### Exercise directions
An exact restatement of the data below, with the pictures removed, is the required answer.

### Supplied material
--- START ---

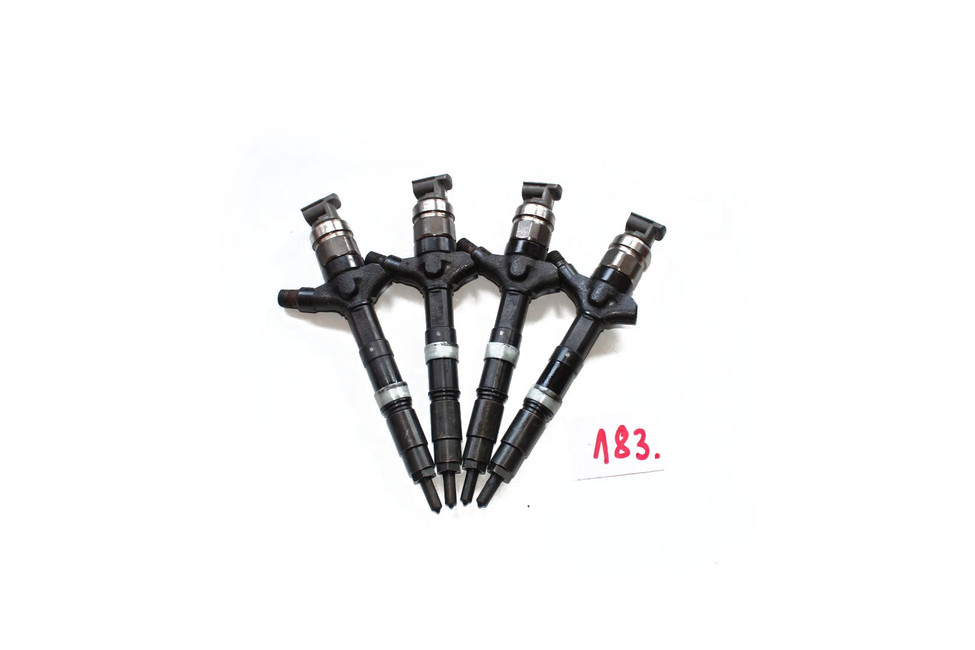 Tryska - trysky paliva toyota 2.0 d4d 236700G010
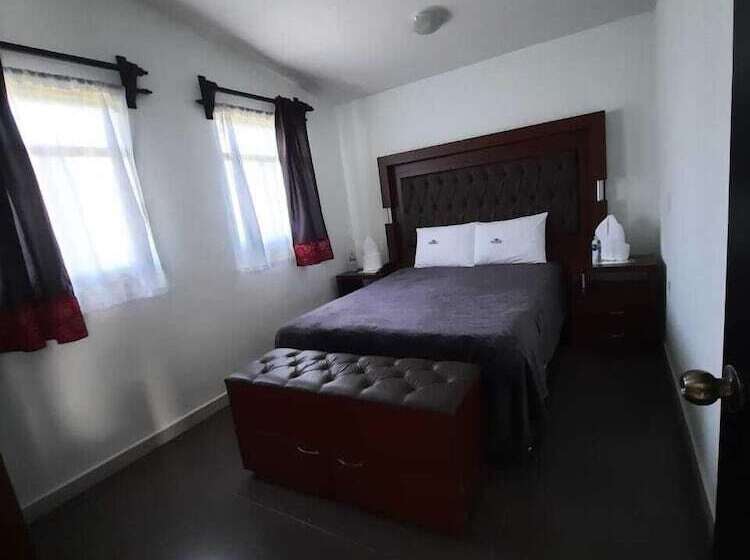 ホテル Sierra Norte Inn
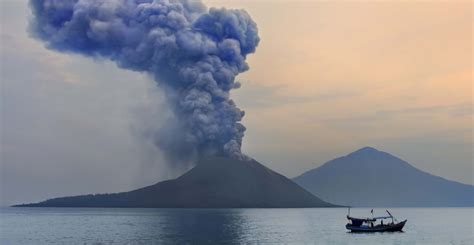 The 1883 Krakatau eruption: a year of blue Moons | Natural History Museum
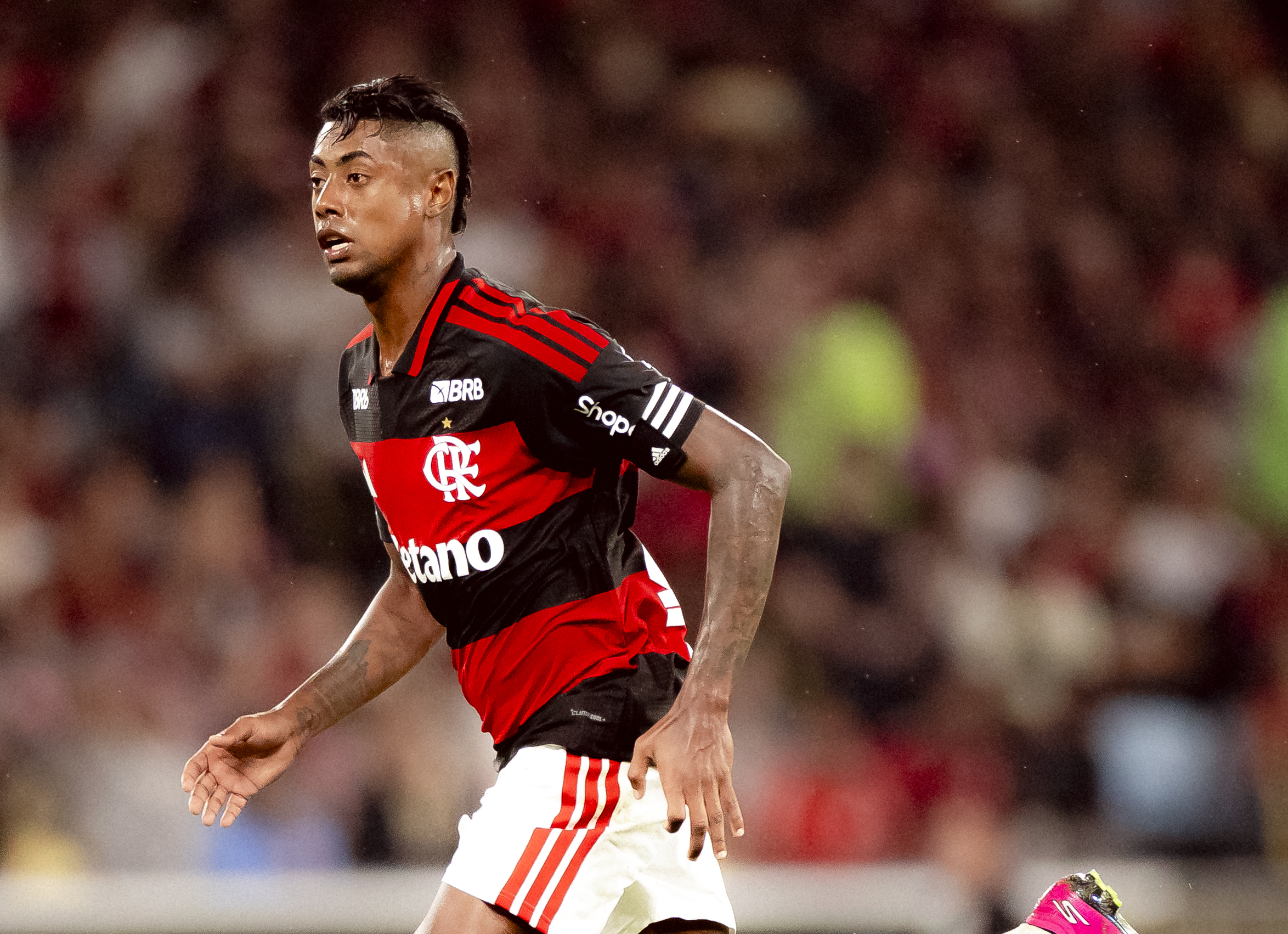Bruno Henrique enaltece empenho do Flamengo após vitória no clássico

--- END ---

### Answer section
 Tryska - trysky paliva toyota 2.0 d4d 236700G010
 ホテル Sierra Norte Inn
 The 1883 Krakatau eruption: a year of blue Moons | Natural History Museum
Bruno Henrique enaltece empenho do Flamengo após vitória no clássico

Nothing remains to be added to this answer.